Where Does Your Garlic Come From?

Where Does Your Garlic Come From?

Twenty years ago, Nick Diamantopoulos envisioned that Australians would never have to buy imported garlic again.  

Fed up with the poor quality of Chinese garlic in particular, the chief executive of Australian Garlic Producers embarked on a project to stock Australian supermarket shelves with home-grown bulbs. 

"The only problem was the Australian garlic season started around Christmas and finished later in summer," says Diamantopoulos. Come autumn, suppliers had to source their garlic from Argentina, Mexico, Spain and China.  

For an all-Australian supply, the garlic lover needed to bring the start of the season forward and push the end of harvest back.  

"I had to find garlic varieties that could grow around the different climates of Australia, from the tropics in the north to the cold climate of the south," he says. 

Today, Diamantopoulos' dream has been realised.

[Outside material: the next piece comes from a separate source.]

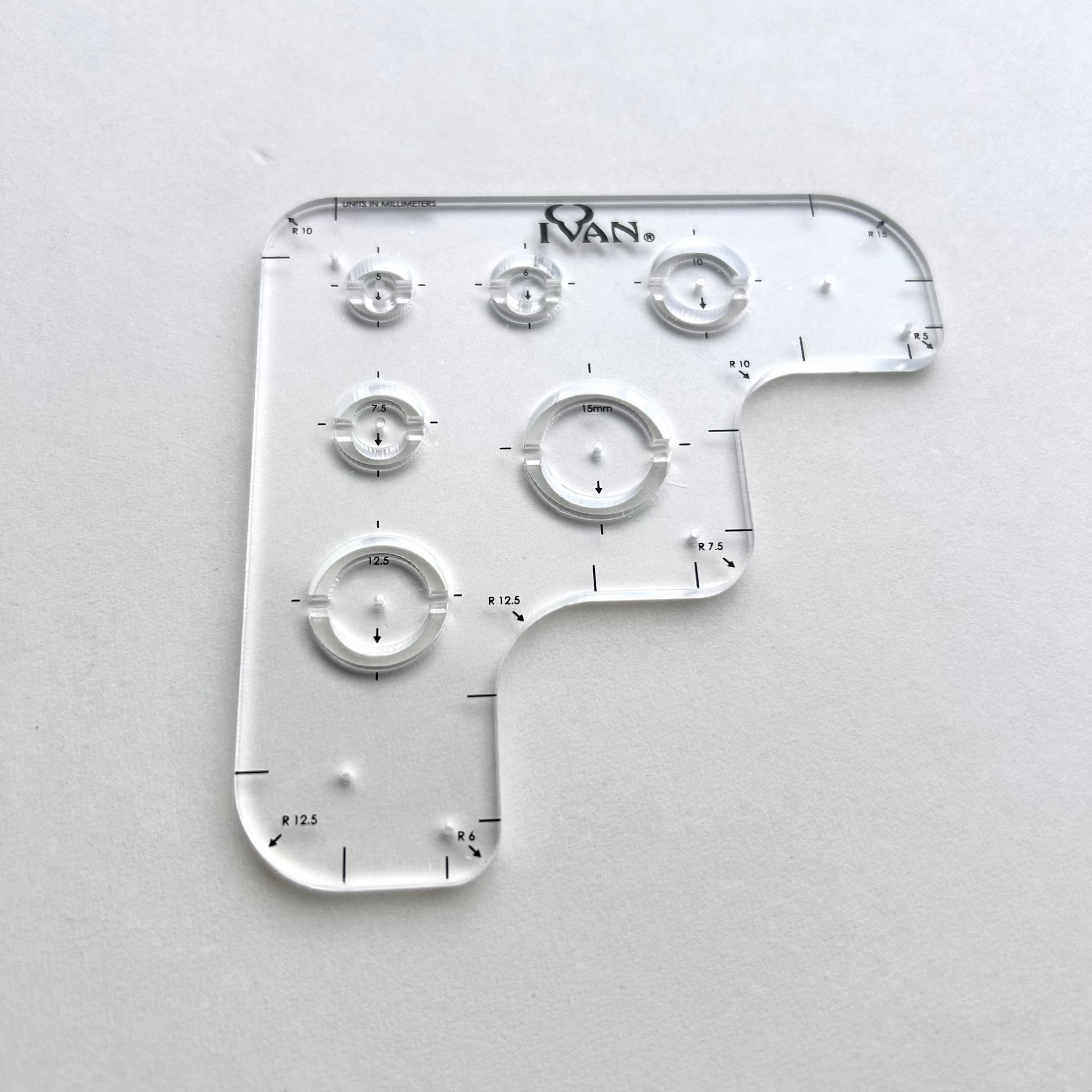 Leather wallet corner radius template on a grey background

The first Australian-grown garlic of the season was harvested in September on a farm near Robinvale on the Murray River.  

The bulbs come from a tropical variety sourced from Senegal, a discovery made while the former industrial chemist was on a global quest that took him from Melbourne's eastern suburbs to Syria, and to the peaks of the Andes. 

"In Peru I found varieties that had not changed in the 500 years since they were introduced by Spanish conquistadors," he says. Over the past two decades, Diamantopoulos has accumulated 292 different varieties of garlic, importing many through quarantine and breeding others locally. 

Suitable garlic-growing sites have been selected all over Australia, with the most southern in cold, fertile volcanic country near Ballarat.  

The most northerly is at Ali Curung,  about 400 kilometres north of Alice Springs where garlic is grown and harvested by the local Indigenous community. However, the extent of commercial garlic harvest could be pushed another 850 kilometres north if trials in the mango-growing region around Katherine are successful.  

Diamantopoulos' last garlic will be pulled from the earth in March, much of it set to be cured at his processing facility near Mildura in north-west Victoria. "Once cured, garlic will keep," he says. "If stored correctly, it will still be in excellent condition in six months' time."  

The bulbs will be trucked to retailers such as Coles and Woolworths over winter, completing Diamantopoulos' decades-long ambition to fill supermarket shelves with Australian garlic. He says Australia is now the only country with a continuous supply of fresh, local bulbs. 

"My Greek mother makes the best skordalia [garlic and potato dip] in the world," he says.  

"She says the garlic is now good enough to make it year-round. The taste has been worth all the effort."